══ DATA BELOW ══
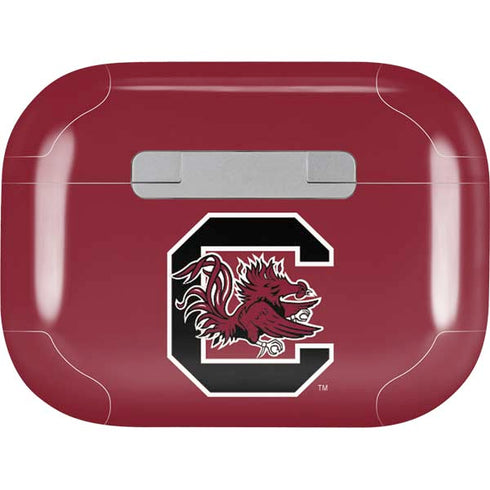University of South Carolina Columbia SC, EST. 1801 Apple AirPods Pro Skin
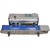 FR-900 POLYTHENE(Pouch) Sealing Machine/Continuous Band Sealer - STEEL BODY Heavy Duty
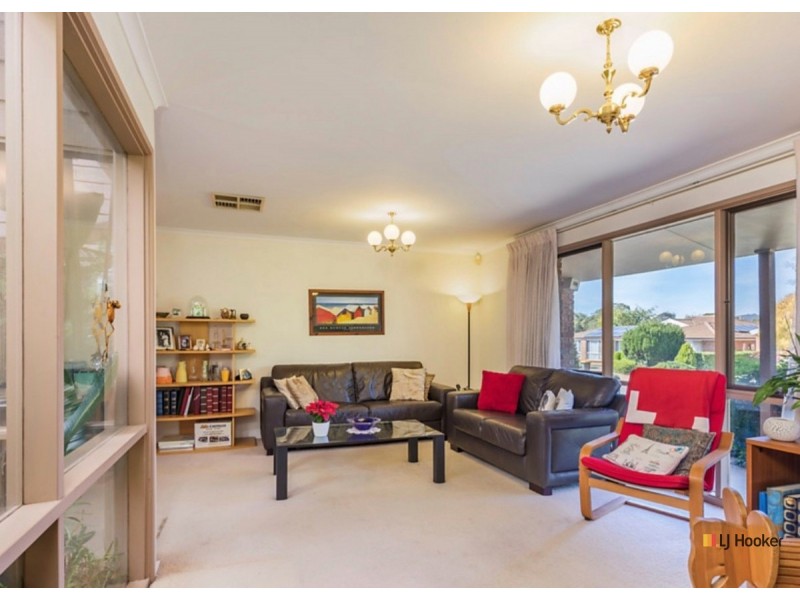 4 Fred Williams Crescent, Lyneham ACT 2602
═══
All lines from the one containing "FR-900 POLYTHENE(Pouch) Sealing" through the end of the data are to be written out exactly, with nothing added; skip the pictures.

ANSWER SECTION:
 FR-900 POLYTHENE(Pouch) Sealing Machine/Continuous Band Sealer - STEEL BODY Heavy Duty
 4 Fred Williams Crescent, Lyneham ACT 2602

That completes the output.